WILD HORSE RESOURCES LTD. reports Paul Jeffrey has been appointed president and chief executive on an interim basis. He replaces Douglas Amy, who relinquishes both titles, effective Oct. 1. The company said the change reflects its desire to retain a president highly experienced in the oil and gas industry.

BENZ ENERGY LTD, enz Energy Ltd. (VSE/BZG) reported that the Company drilled 8 exploratory wells and has completed or is completing 5 wells for a 71% success rate with 1 well still drilling. In addition the Company drilled 4 development wells and has completed or is completing 4 for a 100% success rate. The Company also substantially increased its net production to the current level of 4.5 million cubic feet per day and 100 barrels per day.

The Company's 1998 capital budget provides for a total of $43.5 million for drilling and project development. Approximately half of the capital budget will be focused on development drilling, and approximately $7 million is budgeted for drilling and testing 10 prospects and completing the drilling and testing of 2 prospects carried over from 1997. Among plans for the coming year are the drilling of the Company's Wausau prospect in Mississippi, additional exploitation at Oakvale Dome Field and exploratory drilling at Old Ocean Field and LaHinch Prospect in Texas.

The Company's 1997 results include significant discoveries at Oakvale Dome Fiel and Reedy Creek Field. The Company's discovery well at Oakvale Dome in Jefferson Davis County, Mississippi, has performed significantly better than 3rd quarter estimates. The Kathryn Saltry Byrd #1 well has produced 664,808 MCF and 3,206 barrels of oil to date, and current daily production is 7.4 MMCF and 35 barrels of oil. In addition, 30% of the gas at Oakvale has been hedged in the futures market at $3.50 per MMBTU. The Company holds a 54.1% working interest in the prospect.

Year-end re-completions of the BOE 16-3 #1 and Hosey wells at Reedy Creek Field, Jones County, Mississippi, where the Company presently has 4 wells and a 23.9% working interest, are expected to significantly improve production. The Hosey completion tested rates of up to 250 BOPD from one third of the interval to be completed, and the BOE 16-3 #1 is still underway. The remaining two wells were being completed as of year-end. The Herrin 9-7 #1 well recovered 150 barrels of oil in its first full 24 hours of testing while pipe has been run to 10,020 feet. The BOE 16-3 #2 well has had pipe run to 10,020 feet and several indicated commercial oil sands have been logged.
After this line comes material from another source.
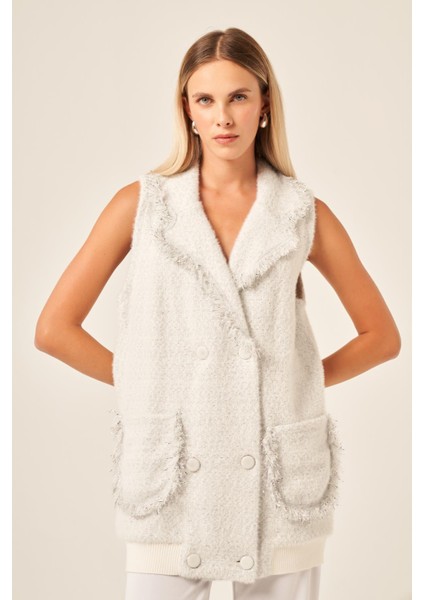 Ftz Kadın Kruvaze Düğme Detaylı Yelek Ekru 20763 fırsatları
The 2 wells currently being evaluated by Benz are the Jennings and Big Creek prospects. Jennings has been drilled to 14,630 feet and 2 indicated commercial pay zones have been logged, and the well is awaiting a completion unit. The George W. Mason 17-10 #1 well at Big Creek in Mississippi has logged significant indicated commercial pay intervals the Company is preparing to complete.

The BOE 16-14 #1 well at Morgantown in Marion County, Mississippi has reached a depth of 20,304 feet and is still drilling to its targeted depth below 21,000 feet.